Su odio, ignorancia y subestimación de ese mundo y de sus refinadas culturas y gentes laboriosas no les permite entender los profundos valores morales y sentido de la dignidad arraigados en el alma de sus pueblos, ni el orgullo que sienten por héroes como Saladino o Nasser, ni que estén enterados de la responsabilidad mayúscula de Washington en el desmantelamiento del nacionalismo árabe, la feroz ocupación de Palestina por Israel mientras continúa armándolo y apoyándolo incondicionalmente, la demolición de Irak, la obstinación con que han implantado y sostenido gobiernos de fuerza serviles y corruptos e impuesto políticas neoliberales desde el norte de África hasta la península arábiga, siempre en nombre de la democracia. Para los egipcios y la calle árabe no han pasado inadvertidas las cambiantes y oportunistas declaraciones de Obama y su secretaria de Estado desde que el 25 de enero se inició el levantamiento popular. Entonces Clinton proclamó que la situación en el país de los faraones era “estable”.

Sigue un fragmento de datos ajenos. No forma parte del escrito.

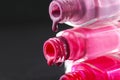 Drops of red bearded pink nail polish flow from the bottle of the bottle on a black dark background with a copyspace Royalty Free Stock Photo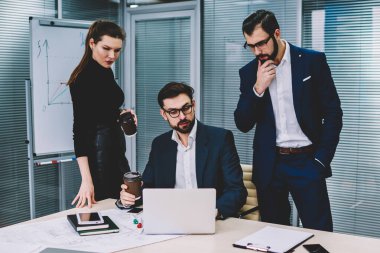 Yararlı bilgiler web sitesinde modern ofisinde oturum beyin fırtınası sırasında Internet'e bağlı dizüstü bilgisayar arama formal giyim grup yetenekli durulması hesap tüccarların giymiş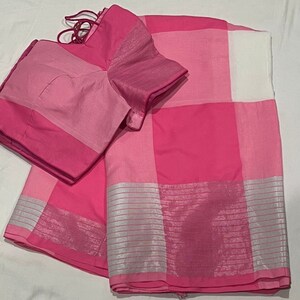 May include: A pink and white checkered saree with silver trim. The saree has a matching pink blouse.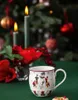 A Christmas-themed scene with a mug, candles, and a Christmas tree in the background. Voir les images du produit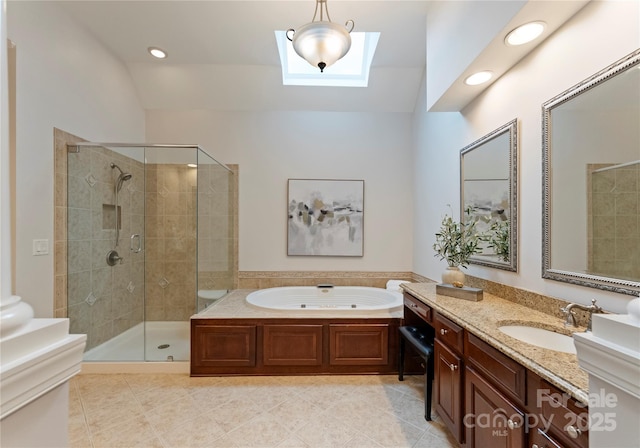 3015 Stanbury Dr, Matthews, NC 28104 - full bath featuring a skylight, vanity, a bath, a shower stall, and vaulted ceiling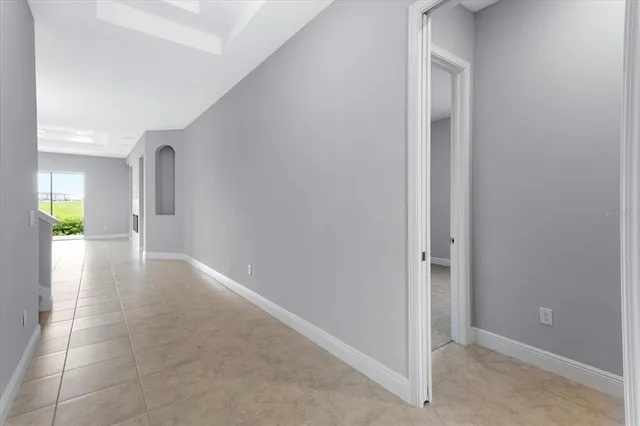 a view of hallway with wooden floor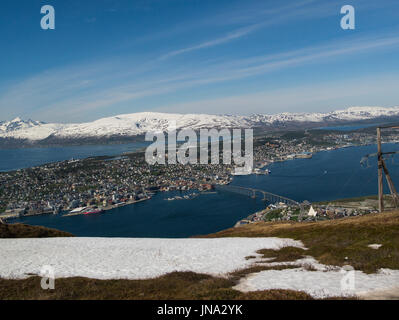 Looking down on Tromso City from Fjellstua viewpoint  panoramic view of the archipelago beautiful historic  town centre and the amazing Sunnmøre Alps  Stock Photo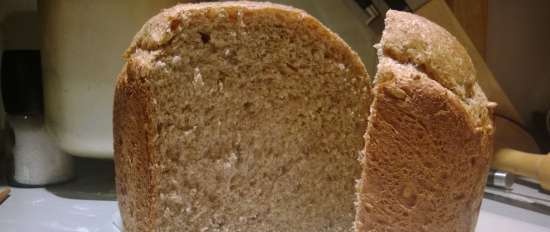 Gray bread on light beer in a bread maker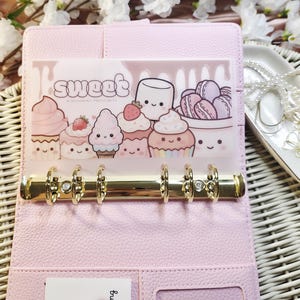 Op de afbeelding: Een lichtroze binder met goudkleurige ringen, open om een ​​transparante zak met het woord "sweet" en illustraties van cupcakes en desserts te onthullen. De binder staat op een wit geweven oppervlak, met een decoratief dienblad en sieraden op de achtergrond.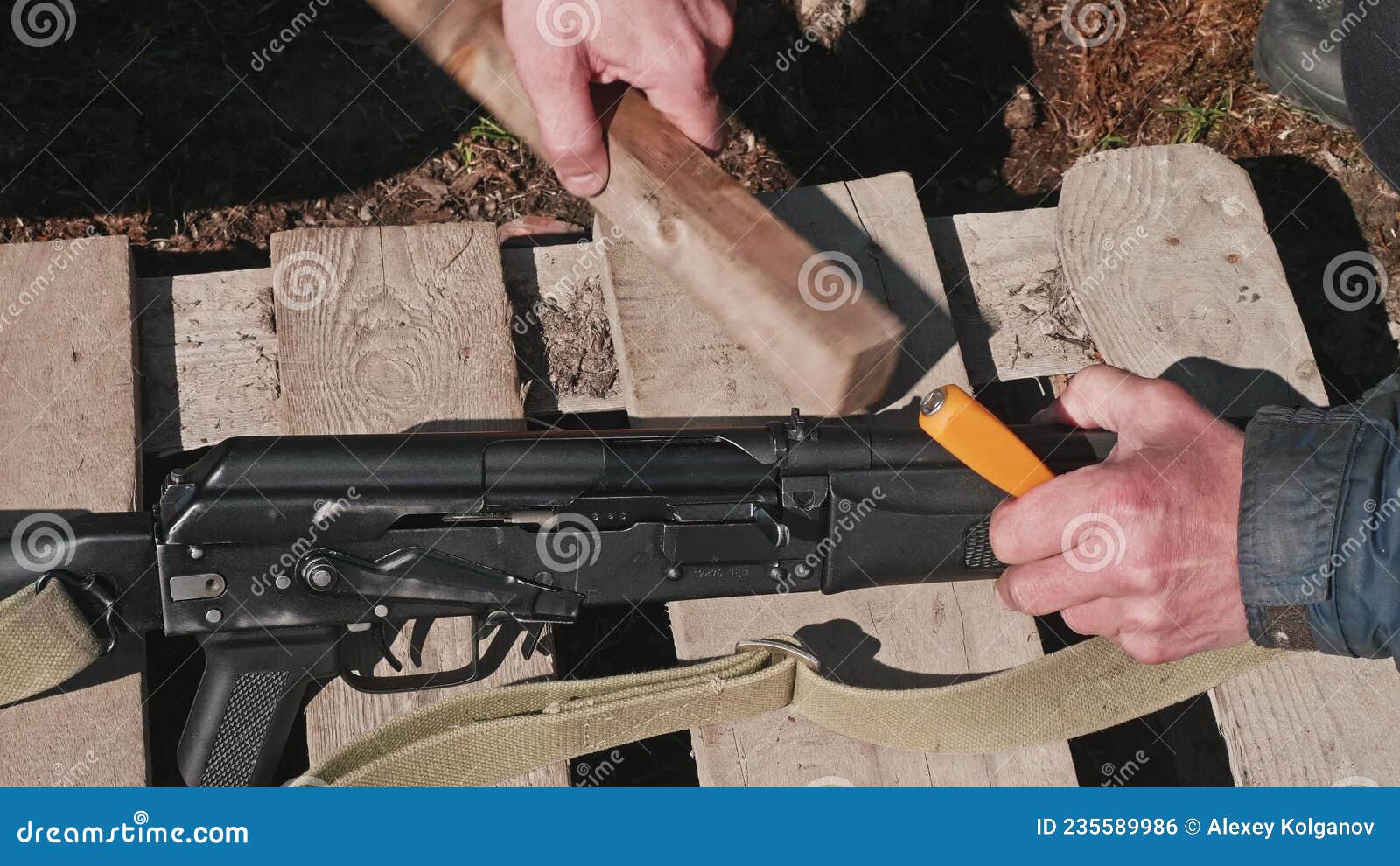 Hands of Man Using Hammer To Calibrate Gun. Preparation for Hunting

Discrepo de los enfoques que sospechan de una teledirección por el imperialismo, a través de grupos juveniles amaestrados, del potente movimiento popular egipcio, y lo instan a modificar sus consignas exigiendo la partida de Mubarak por otras más radicales contra Washington, sus bases militares y el neoliberalismo. Además de que no es nueva la incrustación de grupos proimperialistas -casi siempre desenmascarados a la postre- en los movimientos revolucionarios, otras revoluciones auténticas, como la cubana, movilizaron a millones pidiendo la salida del tirano, libertad, y justicia y enarbolaron explícitamente, en el momento preciso, ni antes ni después de ser necesario, las banderas del antimperialismo y el socialismo hasta convertirse en inspiradora de las luchas sociales en todos los confines del planeta.
El pueblo es sabio, aprende el camino de la revolución sobre la marcha al enfrentar a sus enemigos –la inevitable contrarrevolución con la que habrá que batallar a muerte- y no necesita que se lo dicten desde fuera, ni siquiera con buenas intenciones. Aunque no haya líderes raigales a la vista, estos pueden surgir de las luchas de base, al igual que Evo Morales de los indígenas del Chapare, Hugo Chávez de las filas de los militares patriotas de rango medio, Lula del sindicalismo o Cristina Fernández del peronismo de izquierda.
La revolución árabe está en sus comienzos y puede llevar tiempo la definición de su futuro. Lo importante es que ya el pueblo ha probado el poder que la da tomar las calles y que nada a partir de ahora será igual. Mubarak podrá en el pataleo mandar sus esbirros de civil a ensañarse con los manifestantes, hacer que el ejército trate de desmovilizar las protestas o presionarlo a que las reprima, pero sus días en el poder están contados y las multitudes en la Plaza Tahrir serán mayores y más radicales mientras más traten Washington y sus aliados de evitarlo.
Las masas árabes quieren democracia, sí, pero en su acepción etimológica de gobierno del pueblo, una que no desea ser de elites como la occidental, sino en la que el pueblo de veras decida su destino. Y es que no ha habido mayores enemigos de la democracia en el mundo árabe que Estados Unidos y sus aliados. Ellos han impuesto a los tiranos de turno y fresco está el ejemplo del veto a Hamas, votado abrumadoramente por los palestinos, o a Hezbolah en Líbano, que por mucho que les pese es la fuerza política más popular del país de los cedros y, por cierto, inspiradora y ejemplo en muchos sentidos de esta gran revolución árabe.